Imitation is the sincerest form of flattery. *big shrug*

11/08/2005 5:03 PM  
Blogger chamekke said...

Tim, the fact that they're looking for a cheap clone is exactly why they're going to fail. What makes LibraryThing special is Tim Spalding - namely, your dedication, your developer skills, and especially the willingness and zest with which you solicit and implement user ideas.

I have no idea whether this pathetic attempt to "clone" your idea is actionable, but I do think they're going to fall flat on their corporate face.

Sheesh.

11/08/2005 5:51 PM  
Anonymous Anonymous said...

It means that LibraryThing is attractive and interesting to other business owners. It's a good sign. You will soon or later be offered a lot of money to sell the site. LibraryThing is unique, I agree with chamekke, because of YOU, and the social aspect of us users building somehow a book-lovers family. LibraryThing is just great and no one will be able to copy it. You win.

11/08/2005 6:31 PM  
Anonymous Anonymous said...

I see that Cole consulting claims to have been established in 1995 and to assist people with e-commerce, web development, and so on. And yet their own website is pathetic. The "products" tag leads to a page that says only "coming soon", either because they have no products beyond the one they're planning to steal from you, or because their claim to be able to handle web development is an overstatement of their actual abilities. Or both, of course.

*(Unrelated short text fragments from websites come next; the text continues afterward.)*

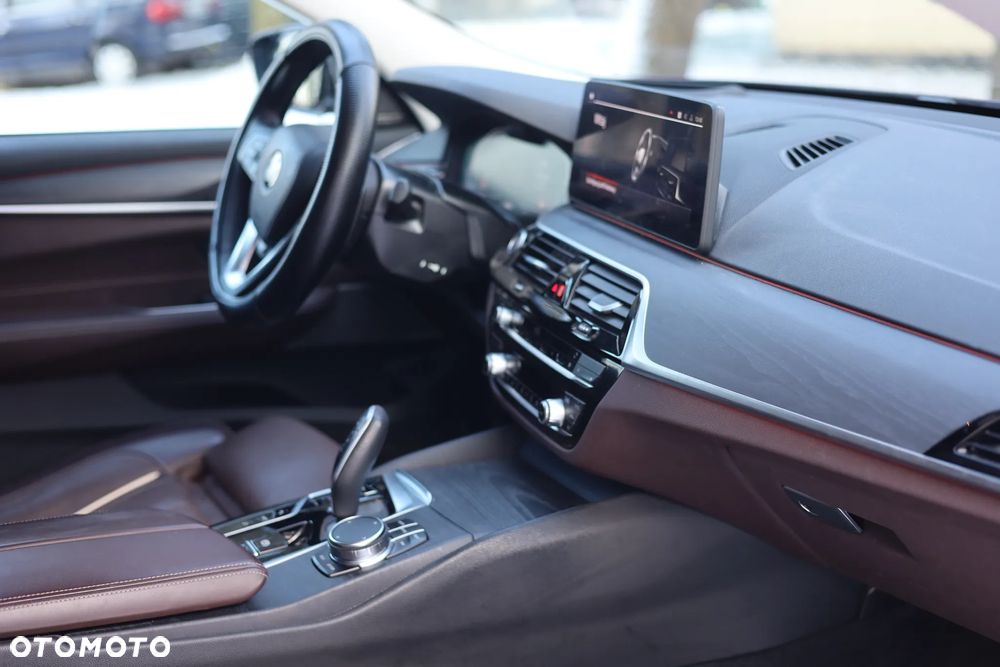 BMW Seria 6 ver-630d-xdrive-mhev-luxury-line - 12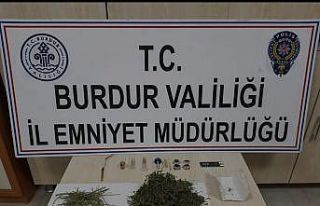 Uyuşturucu tacirinin üzerinden polis rozeti çıktı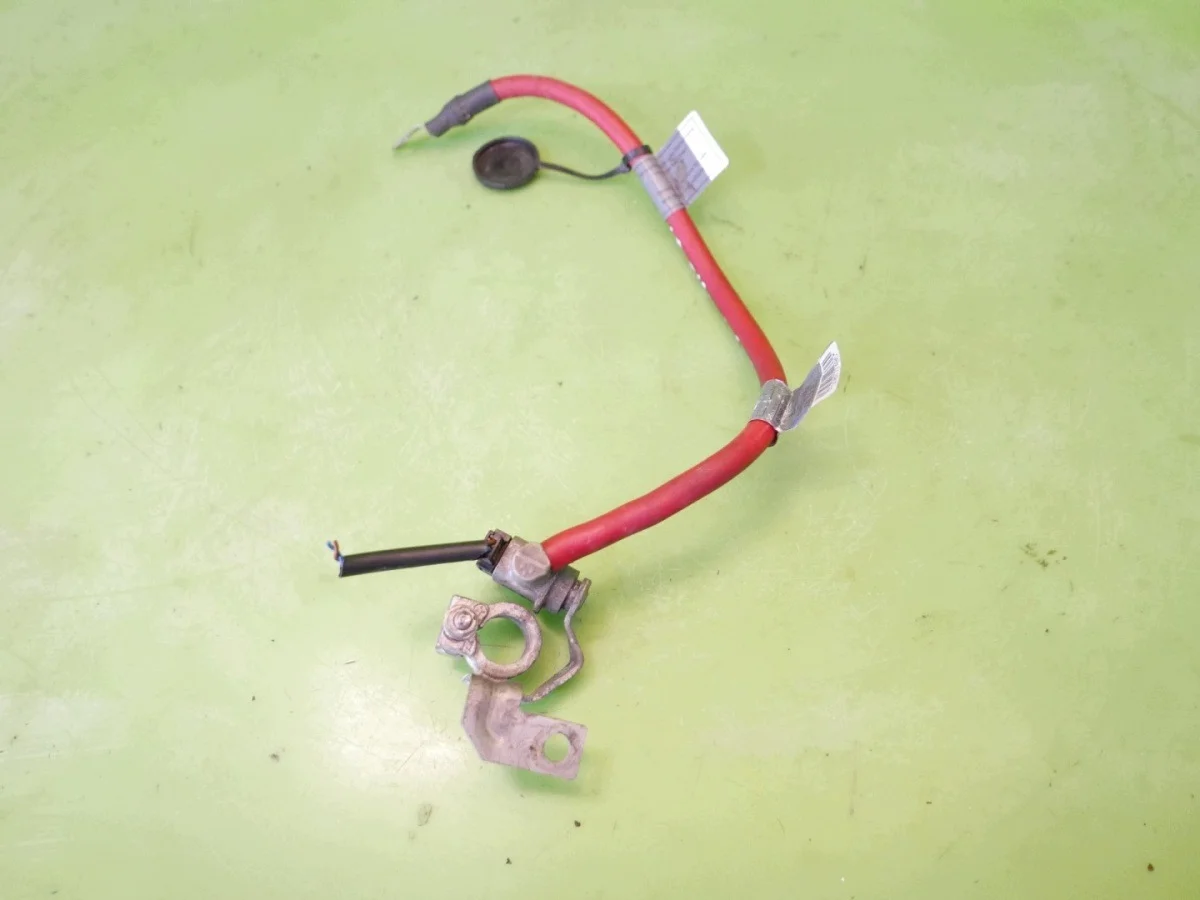 BMW E91 325d 3.0 D 04-08 Batteriepol image 6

I wouldn't worry about these people. Any firm that isn't willing to put in the work themselves is not going to come up with a credible alternative. And an exact clone, as you point out, would be theft. (And very unpopular, which is kinda a problem with social software...)

11/08/2005 7:01 PM  
Anonymous Anonymous said...

I've had a look at the "terms and conditions" and spotted a typo:

In the following sentence, "LibraryThing retains all rights, title, and interest in the and to its software, and any rights no granted in these terms are reserved by LibraryThing."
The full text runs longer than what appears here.